Mentre mio nonno Giorgio Puecher Passavalli nel 1944 veniva trasferito dal campo di prigionia di Fossoli a quello di concentramento di Mauthausen (numero di matricola 76529, vi trovò la morte per fame e stenti l’8 aprile 1945), da una fessura fra le assi del vagone merci lasciò scivolare il suo ultimo messaggio (di quei molti che mani pietose raccoglievano e recapitavano ai familiari dei deportati, passato il treno, se riuscivano a sfuggire al controllo di fascisti e tedeschi). E quel messaggio per mio padre Virginio era proprio una cartolina della sala della Fenice, chissà come giunta nelle mani del nonno.
Poche parole:
Ginio iscriviti pure a Filosofia
Papà
E l’indirizzo.
Virginio, detto Ginio, già iscritto al primo anno di Legge, era per il nonno la speranza di una possibile successione nello studio notarile, dopo la morte del fratello maggiore Giancarlo, partigiano, fucilato a 20 anni dai fascisti: la deportazione non era altro che una ritorsione per questo. La colpa dei figli sui padri.
Mio padre, timido, introverso e umbratile di fantasie, invece avrebbe voluto iscriversi a Lettere e Filosofia. Ma ai padri si obbediva senza discutere, allora, anche se, lui già aveva in sé il seme di un altro desiderio, coltivato in lunghi pomeriggi magici al teatro Gerolamo, dove la sua maestra elementare, appartenente alla famosa famiglia di marionettisti Colla, gli aveva istillato insieme all’ABC la passione di una vita, permettendogli di assistere alle prove e alle rappresentazioni delle avventure del piccolo popolo di legno.
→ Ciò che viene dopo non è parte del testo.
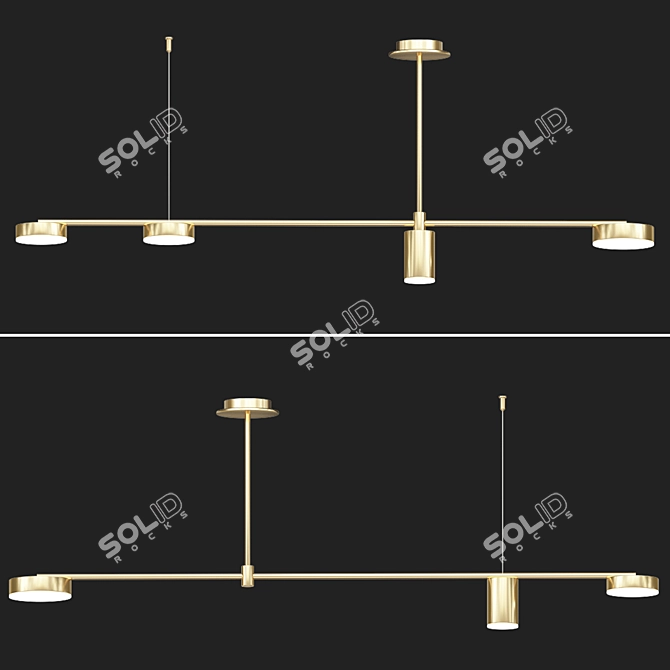 Adjustable Height LED Lighting Fixture 3D model image 1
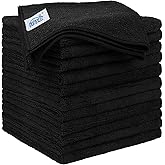 HOMEXCEL - Microfiber Cleaning Cloths 12 Pack, Premium Microfiber Towel 12.5" x 12.5", Black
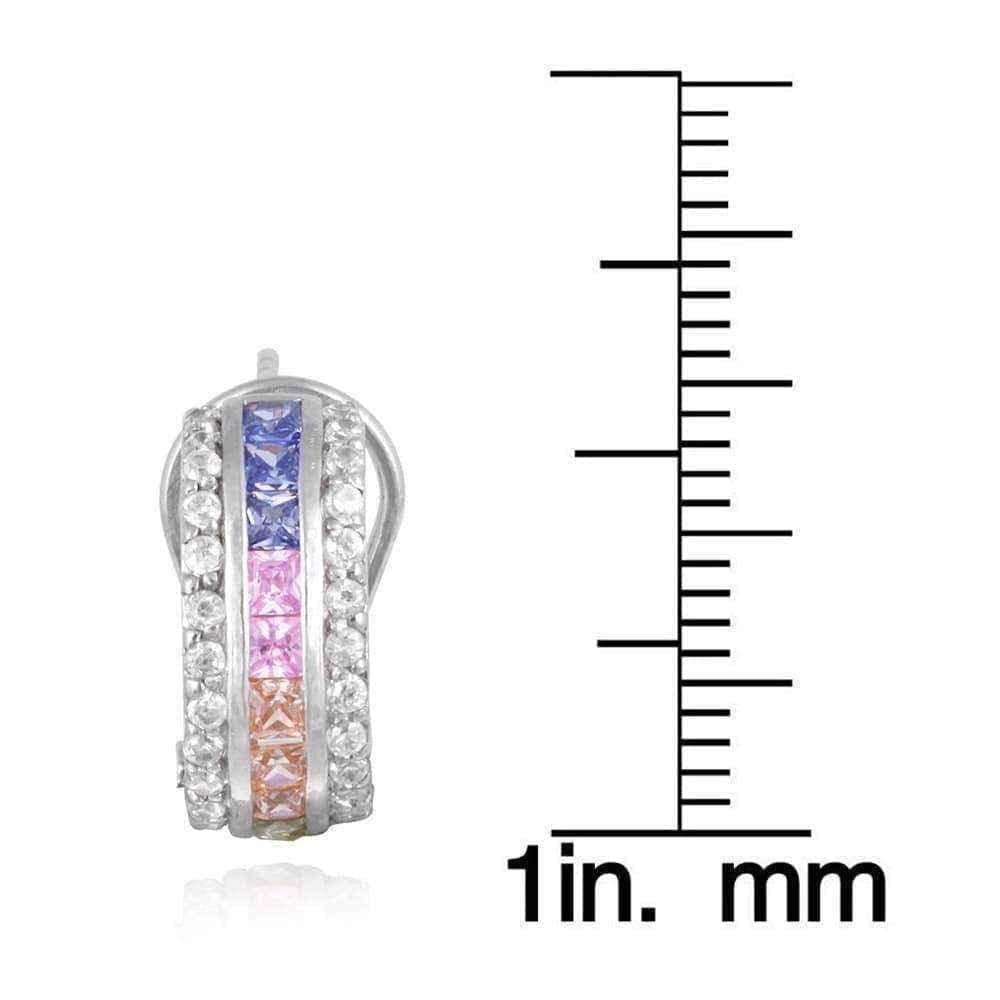 Cubic Zirconia Earrings - Sterling Silver Multi-colored UK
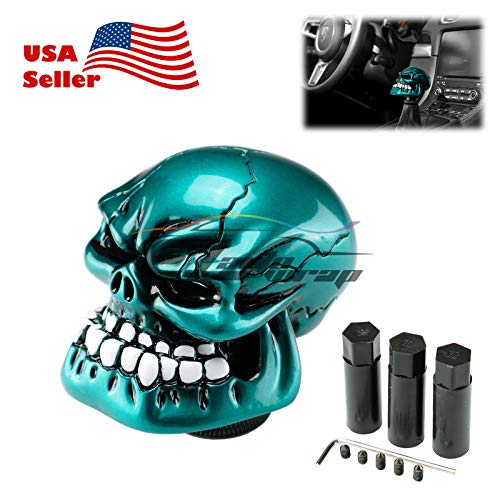 EZAUTO WRAP Teal Universal Manual Wicked Skull Head Gear Stick Car Shift Knob Shifter Halloween - color: Teal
E così su quella cartolina l’ultimo pensiero, chissà fra quali altri terribili, del notaio Puecher fu questo permesso per il figlio e per i suoi sogni così diversi dal destino borghese e sicuro della famiglia (in cui mai avrebbe incontrato mia madre e mai concepito me come figlia: così questo cerchio si chiude e questo scritto è per lui così amato e perso così presto). E le innumerevoli volte che mio padre nel teatro della cartolina poi mise in scena i suoi spettacoli fu anche, di certo, con la consapevolezza, la malinconia, la gratitudine e la tenerezza per questa particolare svolta dei destini.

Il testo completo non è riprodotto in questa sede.